> **REQUIRED WORK**
The reply is to contain the full listing, repeated exactly, with pictures left out.

Start of DATA SHOWN

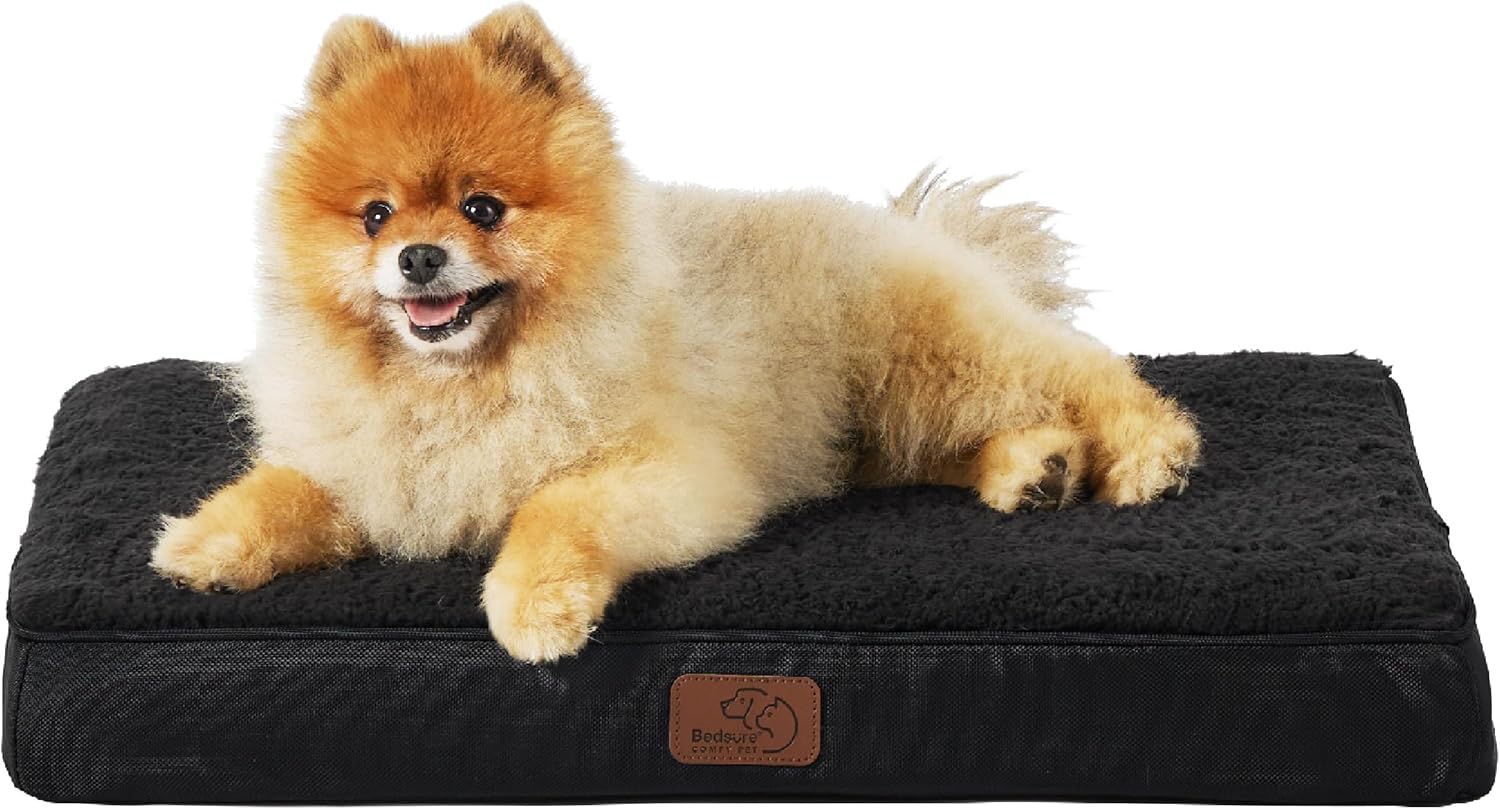 Bedsure Small Dog Bed for Small Dogs Orthopedic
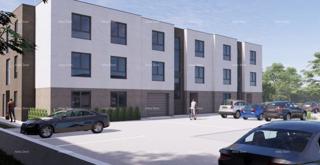 Stan na atraktivni lokaciji s parkirnim mestom in shrambo - stan B/Z3, Premanturska cesta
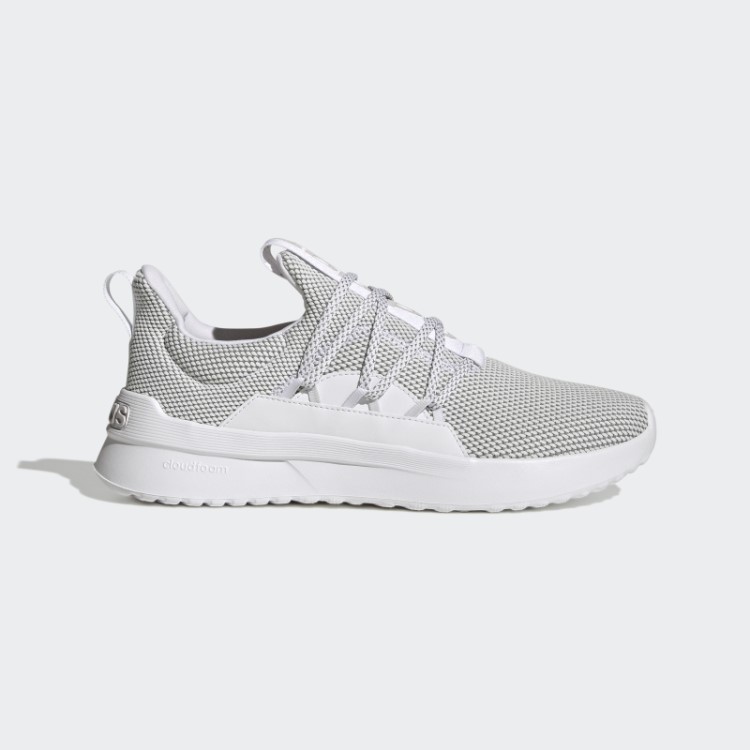 Tênis Adidas Lite Racer Adapt 4.0 Cloudfoam Estilo De Vida Branco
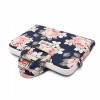 CANVASLIFE ЧАНТА ЗА ЛАПТОП BRIEFCASE 15-16 NAVY ROSE - CANVASLIFE ЧАНТА ЗА ЛАПТОП BRIEFCASE 15-16 NAVY ROSE - 5906735410051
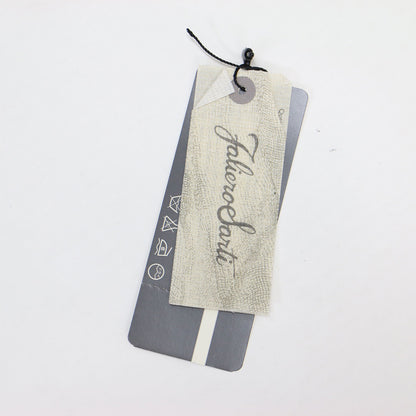 メッセージ プリント モダール カシミヤ ストール / MINA 大判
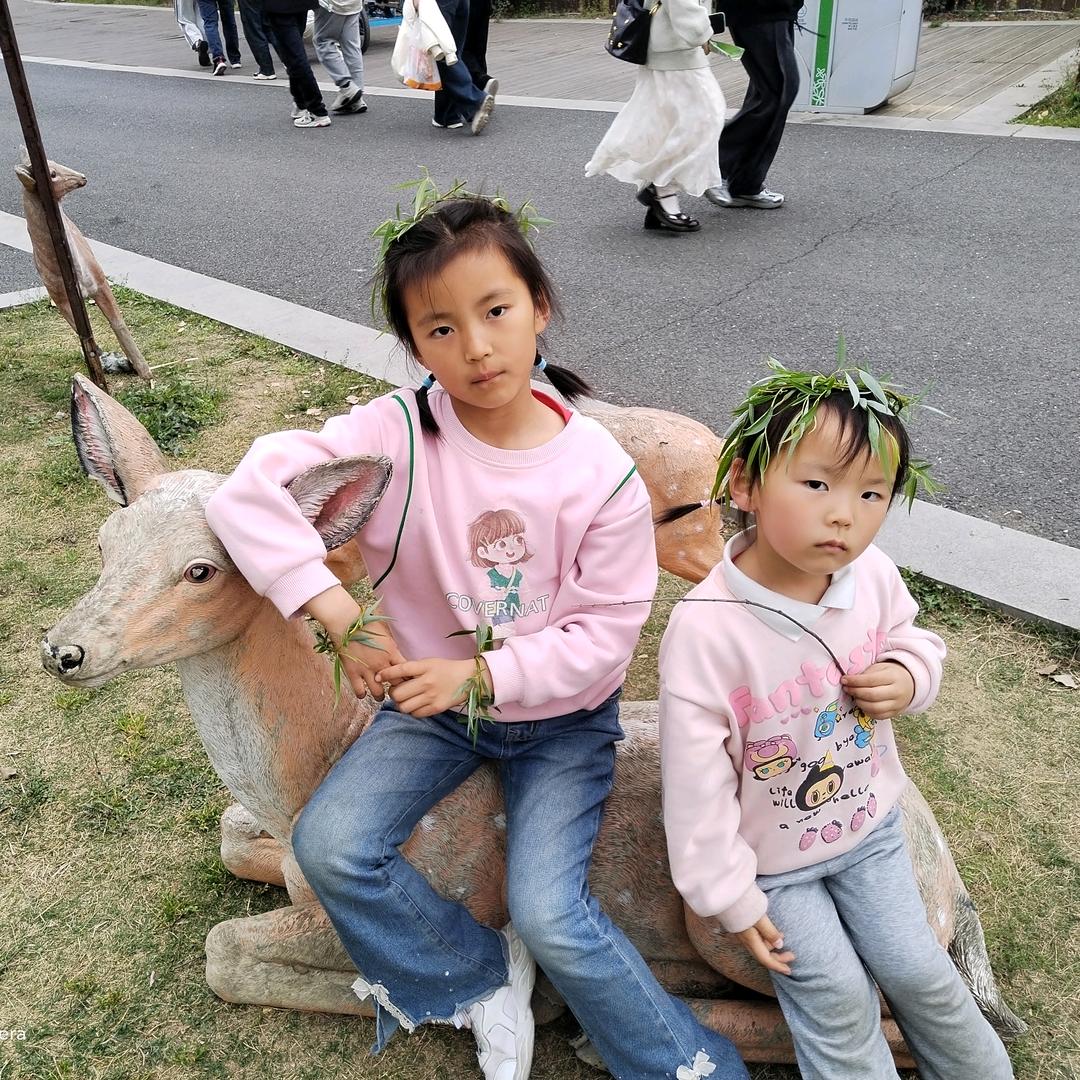 欣欣妈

End of DATA SHOWN

> **TASK RESPONSE**
 Bedsure Small Dog Bed for Small Dogs Orthopedic
 Stan na atraktivni lokaciji s parkirnim mestom in shrambo - stan B/Z3, Premanturska cesta
 Tênis Adidas Lite Racer Adapt 4.0 Cloudfoam Estilo De Vida Branco
 CANVASLIFE ЧАНТА ЗА ЛАПТОП BRIEFCASE 15-16 NAVY ROSE - CANVASLIFE ЧАНТА ЗА ЛАПТОП BRIEFCASE 15-16 NAVY ROSE - 5906735410051
 メッセージ プリント モダール カシミヤ ストール / MINA 大判
 欣欣妈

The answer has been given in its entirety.